If you do then what do people do to clean the tank or do you out additives in?

I have flexi bag tank and the water has been sat in it for over a year before I bought the boat. It looks clear and tastes fine but I wouldnt want to swallow it that's for sure.

Advice?
 
if you are concerned about the water quality, then empty the bag/tank, refill, and add a tablet or two of Milton. (The stuff used for baby's bottles).
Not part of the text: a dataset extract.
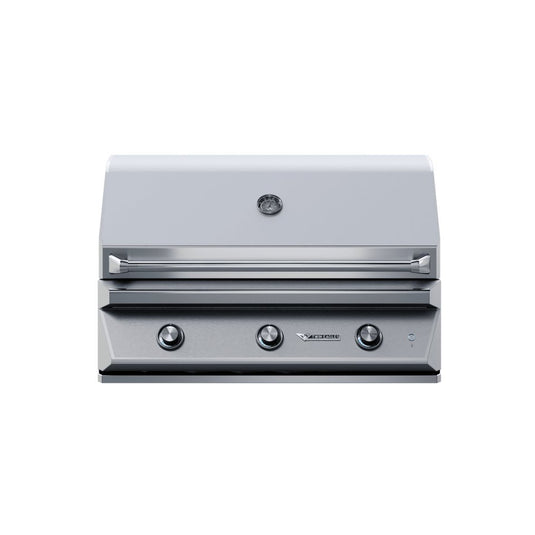 Twin Eagles 42-inch 3-burner built-in gas grill with stainless steel construction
Bleach can be used as a sterilising agent to disinfect a dirty tank, but the forum chymists have reasoned reservations about using it as a prophylactic.
 
Flush it out, use some sterilising tablets from Boots, repeat if you're not sure, then fill up and use normally. Never take bottled water as I'm too tight to buy it, and too lazy too cart it around when there is usually a tap closer to the boat than the supermarket.
 
We also have a flexible tank ( 50 litre plastimo). At the beginning of every season we flush it out and then treat it with Milton and flush again, and again. We have a carbon filter and drink the water , so far without any ill effects, or any bad taste.
 
I've always drunk our tank water un-boiled & never had a problem. Mostly had rigid tanks which I run out over winter and refill in the spring. The flexi-tanks were more troublesome and I used to use Milton or Puritabs - more problematic because they never dry properly & so the biofilm persists (technical term for the "slime" that lives in plastic pipes).

Maybe I never had a problem because I'm not paranoiac about absolute hygiene as some are and so I'm "used" to a little "challenge" and tolerate it well ??
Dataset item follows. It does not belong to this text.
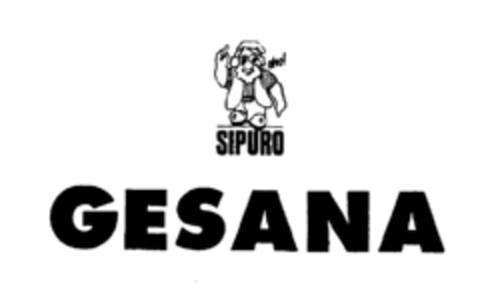 GESANA SIPURO oho! Logo (IGE, 22.04.1985)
I'm also too mean to buy bottled water............:D
 
We have two 360 litre tanks. We run them alternatively in use and atend to run them down to about 100 litres and then fill them. If for any reason the water has been in there for more than a couple of months I would probably run it right down by washing the boat with it.
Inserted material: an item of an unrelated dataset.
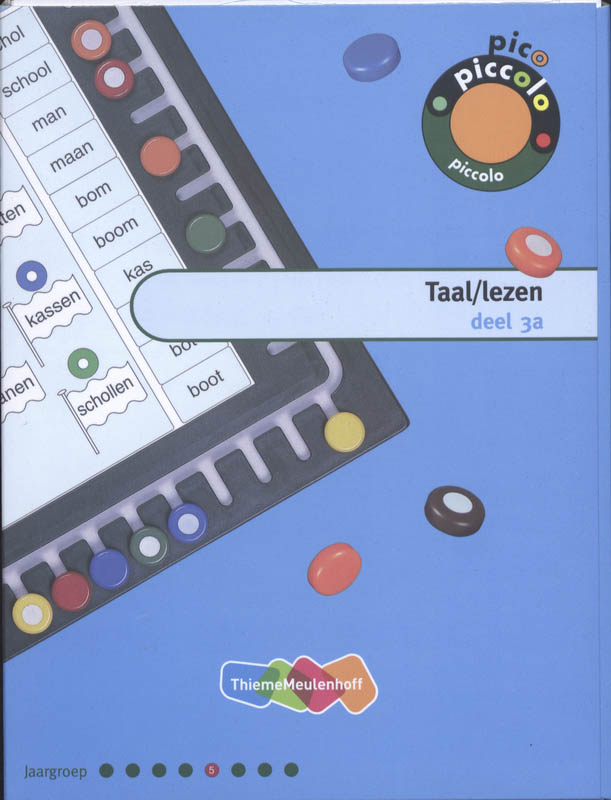 Omslag van Taal/lezen deel 3a, groep 5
Either way all our drinking water goes through a Seagull filter so is safe to drink.
 
The original 225 litre flexible tanks in my boat were 25 yrs old when I first bought her. When I emptied them for the first time (manual foot pumped) the last few dozen splodges were dark brown in colour with bits in them :eek:

I then chucked in a good dose of bleach, refilled them, pumped them out again, refilled again and pumped out a third time before filling with fresh water.

Fit an in-line filter (which is replaced every Spring) and bung in the specified dose of Puriclean every time you refill or top-up the tanks.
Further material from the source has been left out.